My writing process is a rewriting process. Many scripts begin from pieces of dreams. My short film, moonless (not cap), is precisely the dream I had. I dreamt an extraterrestrial being returned me to earth after exploring the universe for an unknown time. I was fighting my way back on the ship. I lost. I was deserted on this minor planet by my hosts. I didn't want to return to a world of violence and harm. I woke up out of breath, sad, angry, overwhelmed, and longing to return to that vast open space. It took me a minute to calm down and call it a dream. Boom, I made it into a script and then a film.
I write every day. Or I try. I try to write for a couple of hours, even if it's not a script. It's been well worth expanding my practice to poetry, essays, recipes, instructions, and plays. It's where I began out of undergrad as a Creative Writing major, but my focus has been screenwriting over the years. When I get disgusted with myself, I flip to one of these other forms. I find play again. If there's any advice, have fun in the challenge and enjoy the struggle on the page. Be at play always. Don't let that feeling go. I've written one page of a script, held it for a few years, and then sat down and bang boom bam; the whole thing fell out of me over a couple of weeks. I usually set to a script until I am finished —usually finished "for now" until I return to it ready to play. The other piece of advice is to trust the page and the process. There are many times when I feel taken over, only a vessel for the story to move through.
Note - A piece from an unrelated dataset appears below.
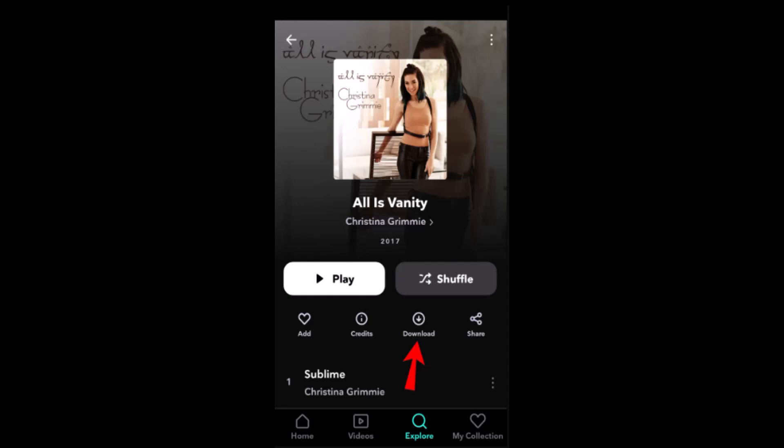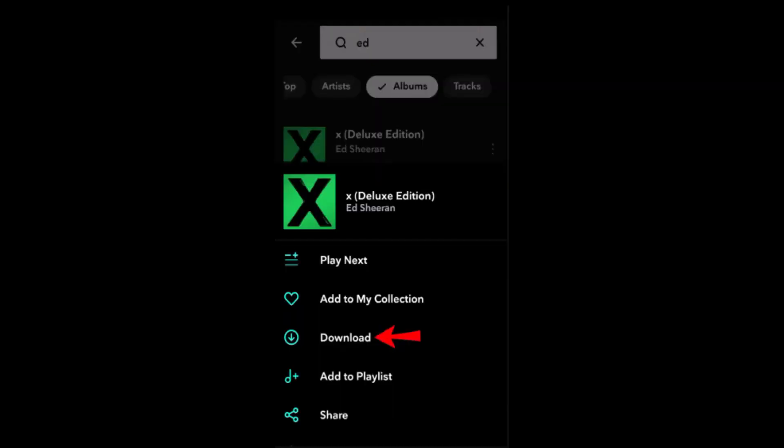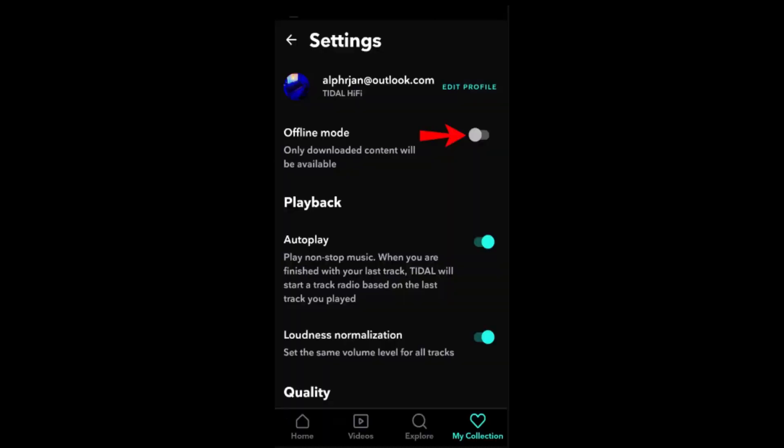For a single track download, long press the track name and then select the download button next to it. To enable offline mode, tap on the Offline option from the menu on the left and toggle the switch for it.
I have a trusted group of people that I let read my work. Feedback is important. When I begin writing, I don't always know what I am writing or what it means, so I place feedback in the journey, even if it's me reading it out loud over and over. Voice recorders are a great way to listen to your words read back to you. Script readings don't have to be all pomp and circumstance; get a group of folks to read it out loud anywhere. I like obstructions or obstacles while writing. I do well within a tight frame I set for myself, only to know exactly why I am breaking out of it. I am not the kind of person who lacks inspiration. I know how to use my imagination and play by myself. If I could write every day and write in a post-capitalist world, that would be my dream – to be free to write whatever and whenever I want without the concessions of financial needs. I am inspired by nature. My neighborhood. My city. My people. My family. The homegirls from high school. My community. I don't reach v far for inspiration, and I think that's noticeable in my work.
You can read my short Pushing Future Past in the Obsidian Literature Journal. I always tell young writers to get their hands on Julie Dash's Daughters of the Dust script. The first three-five pages are everything you need to learn about screenwriting. Send me a DM on some platform and thank me. A personal belief is that cinema should be accessible and public. The people should not have too many challenges and financial strings to watch great cinema.
What’s next for you- for the rest of 2021?
2021. Wow. This pandemic be shifting the world right under your feet. I haven't made many plans these days other than to love the people closest to me before they transition. Try to get to Boston to ask my 97-year-old Aunt Tootsie some questions.
I had so many plans pre-pandemic, but as of July 26th, I am finishing post-production on my feature film Elephant. I will get it out in the world. Finish my next script. Maybe sew some pockets on a few jackets. Smell the flowers before the climate shifts too left. Whatever is in store for me in 2021 is set. I need to walk along the path with intention, gratitude and not throw any rocks in my way.